Hypothesis Testing for CFA Level I: A Complete Walkthrough
If hypothesis testing is the part of Quantitative Methods that keeps tripping you up, you are not alone. The mechanics are simple in isolation — pick a test, compute a statistic, compare against a threshold — but on the exam those pieces appear inside a wordy stem that can mislead a candidate who has not built a clean process. This guide walks through the entire workflow the way it actually shows up on Level I, including the small judgment calls that distinguish a candidate who has done five mocks from one who has done fifty.
We will use a fictional asset manager, Brenwood Capital, throughout the article. Brenwood runs a US large-cap equity strategy and uses statistical screens to evaluate whether new factors materially improve returns. That single running example lets us tie every step of hypothesis testing back to a decision a real portfolio manager would actually make.
Why Hypothesis Testing Is Tested So Often
CFA Level I uses hypothesis testing in two places: the dedicated Quantitative Methods reading, and embedded inside FRA, Equity, Fixed Income, and Portfolio Management questions where the test is implicit.
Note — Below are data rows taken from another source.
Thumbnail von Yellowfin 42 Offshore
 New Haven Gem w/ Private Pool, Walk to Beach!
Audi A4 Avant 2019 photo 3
That second category is where most candidates lose points. A vignette will hand you a sample of returns and ask whether they support a manager's claim — without ever using the word "hypothesis." If you have not internalized the framework, you may answer the wrong question entirely.
The Five-Step Framework
Every hypothesis testing question follows the same five steps. Memorize the sequence and run it like a checklist.
A surprising number of mistakes happen before step 3. Candidates rush past steps 1 and 2 because they feel mechanical, then discover at step 4 that the test statistic was set up against the wrong tail. Slow down on the early steps. They are not where time is wasted.
Step 1: Writing the Null Hypothesis Without Second-Guessing
The null hypothesis (H₀) is always the status quo — the claim that nothing has changed, that the parameter equals some target, or that two groups are the same. The alternative (H₁) is what you would need evidence to support.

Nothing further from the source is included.